Your instructions: Print out the data exactly, keeping every image out of it.

Dataset section:
::::::::
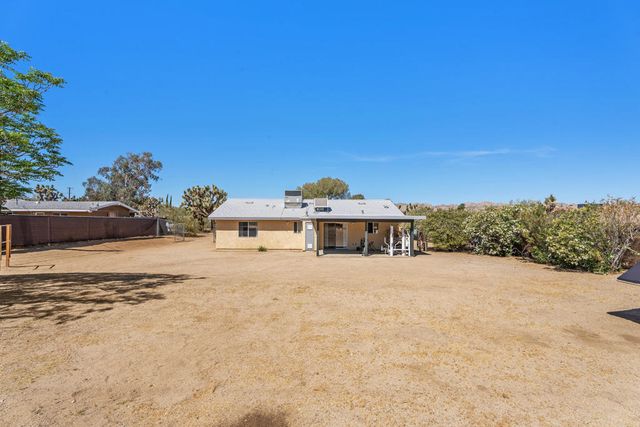 7113 La Habra Avenue, Yucca Valley, CA 92284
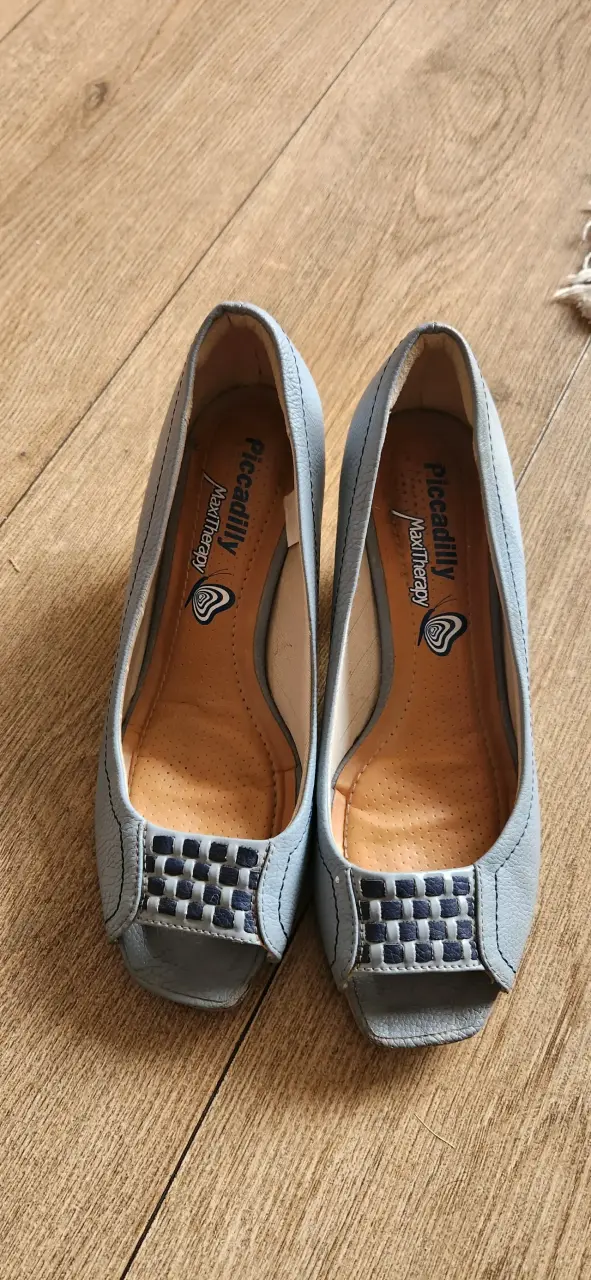 Zapatos peep toe gris Piccadilly - 2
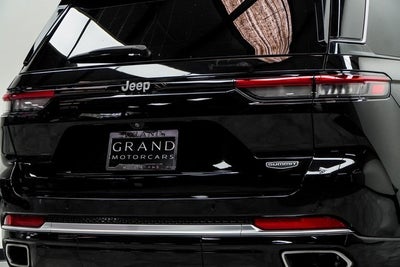 2022 Jeep Grand Cherokee Summit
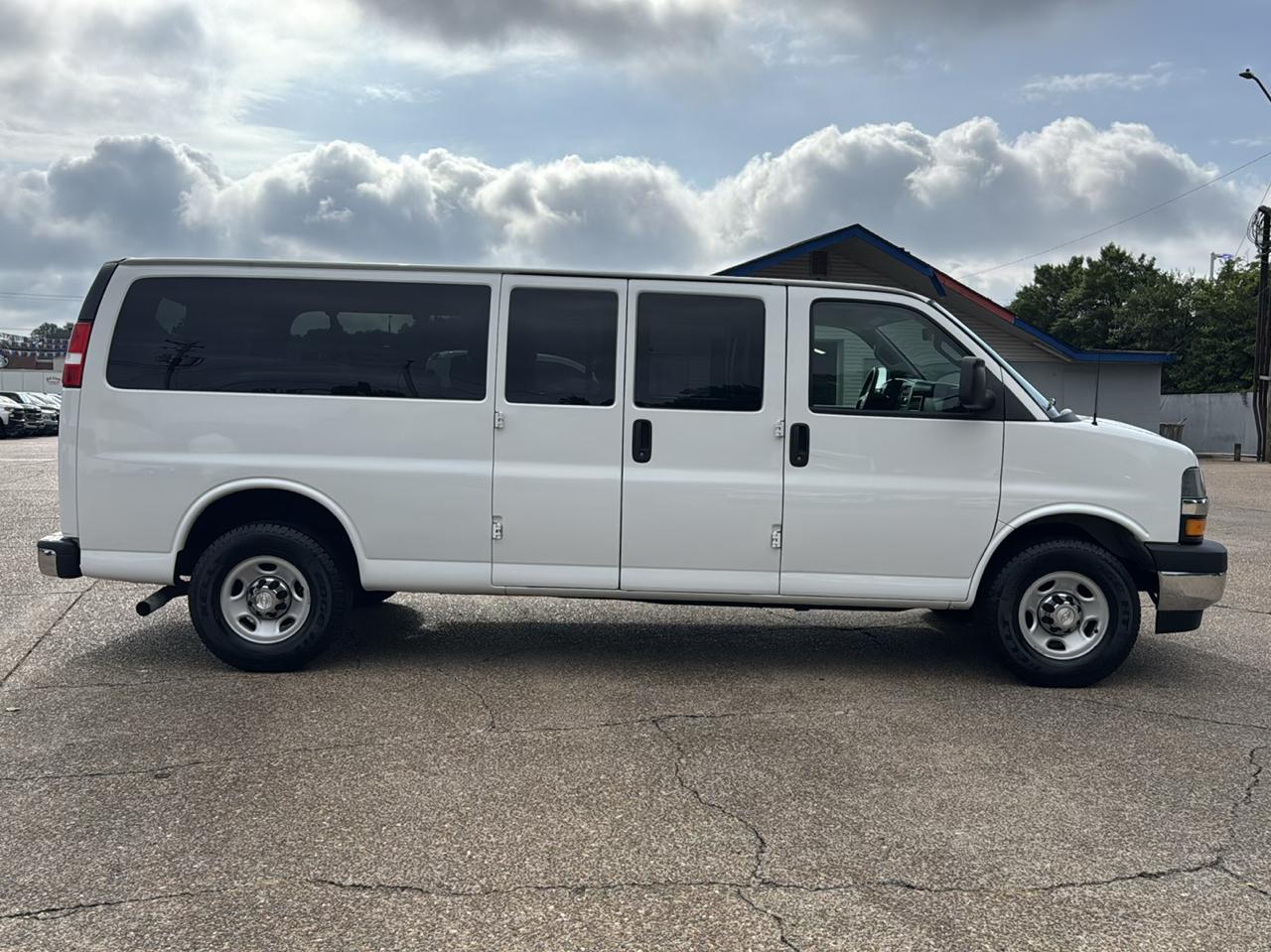 Chevrolet Express Passenger RWD 3500 155" LT 2018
::::::::
Answer space:
 7113 La Habra Avenue, Yucca Valley, CA 92284
 Zapatos peep toe gris Piccadilly - 2
 2022 Jeep Grand Cherokee Summit
 Chevrolet Express Passenger RWD 3500 155" LT 2018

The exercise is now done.